Charity supporters to wear tartan with pride

Heather duff and michelle mitchell wearing the friends of cancer research uk tartan scarf

Heather Duff and Michelle Mitchell wearing the Friends of Cancer Research UK tartan scarf

Cancer Research UK volunteers have helped to create a new tartan range to help support the organisation's work

9th May 2019 by Gareth Jones 0 Comments

Volunteers from a charity have went the extra mile by helping to create a special tartan.

Cancer Research UK’s chief executive Michelle Mitchell has shown her support for all Scots with cancer by wearing a new tartan with pride.

On a visit to Edinburgh this week, she teamed up with inspirational Heather Duff to showcase the Friends of Cancer Research UK scarf in a specially designed pink tartan created to help save lives. Heather, 32, of Winchburgh near Edinburgh is recovering from surgery to remove two tumours from her brain.

The tartan, designed and woven by Lochcarron of Scotland in their Selkirk mill, is now on sale in Cancer Research UK shops across Scotland.

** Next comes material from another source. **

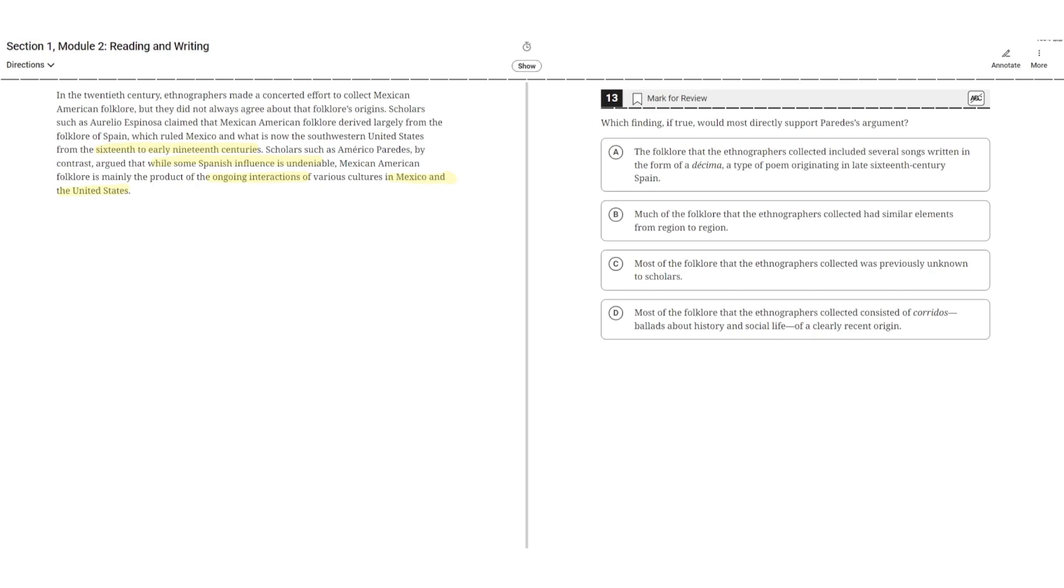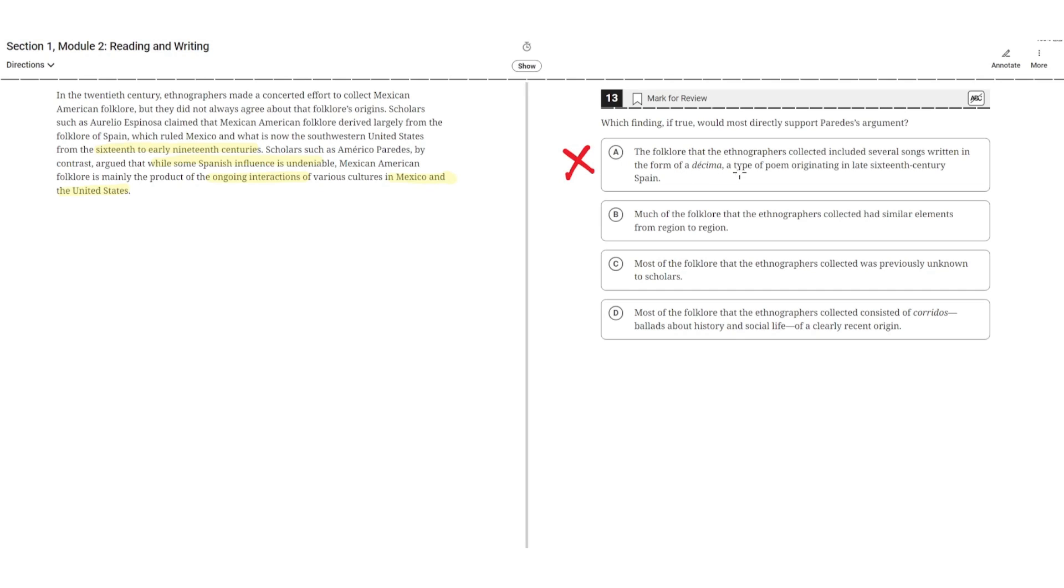A says: The folklore that the ethnographers collected included several songs written in the form of a decima, a type of poem originating in the late 16th century. This is incorrect because Parity's argument is that Spanish influence was minimal compared to Mexican and the United States. So A is incorrect because it points to the fact that Spanish influence was more significant.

It has been officially registered in the Scottish Register of Tartans and is available to buy in a range of products including the lambswool scarf for £22.49 as well as cufflinks, earrings, pendants, badges and notebooks - with 100% of net profits from sales going to fund life-saving research.

Every day, 88 people are diagnosed with cancer in Scotland. Thanks to the generosity of its supporters, Cancer Research UK spends around £38 million a year in Scotland on some of the UK’s leading scientific and clinical research – helping more men, women and children survive the disease.

Mitchell said: “It’s an honour to be able to promote this beautiful new tartan in Scotland’s capital.

“My family, like many others, has been affected by cancer. It’s a disease that doesn’t discriminate. In fact, one in two people in the UK will be affected by cancer in their lifetime. The scale of the problem is large, but the charity’s research is crucial to help improve survival and enhance the lives of those affected by the disease.

“Without any government funding for the work we do, Cancer Research UK needs to ensure that people understand why their support is so important and how we can beat cancer together. With their help, and by building the strongest possible team and working collaboratively, we can achieve the charity’s ambition of three in four people surviving their cancer by 2034.”

At work, Heather has been a leading light supporting the dedicated Selkirk volunteer fundraising committee who came up with the idea of creating the tartan.

Led by volunteer Elaine Monro, the committee has raised around £400,000 since it formed in 1966. Celebrities and politicians pictured wearing the tartan so far include Olympic gold medallist Katherine Grainger, record breaking wheelchair racer Sammi Kinghorn, musical theatre stars Michael Ball and Alfie Boe and the Scotland Sevens player and Olympic silver medallist, Mark Robertson - as well as Scotland’s First Minister Nicola Sturgeon and Leader of the House of Commons Andrea Leadsom. A new more lightweight scarf in reiver tartan fabric is to be introduced this spring.

Heather said: “I’m so proud of the brilliant volunteers in Selkirk who have made the Friends of Cancer Research UK tartan so successful.

“I can’t thank Lochcarron of Scotland enough for their enthusiastic support at every stage of the process. Thanks to the huge progress that has been made in the fight against the disease, more people in Scotland are surviving cancer than ever before. One day I hope everyone will beat cancer.”

The Friends of Cancer Research UK tartan scarf costs £22.49 and is available to buy from Cancer Research UK shops in Scotland and from the online store.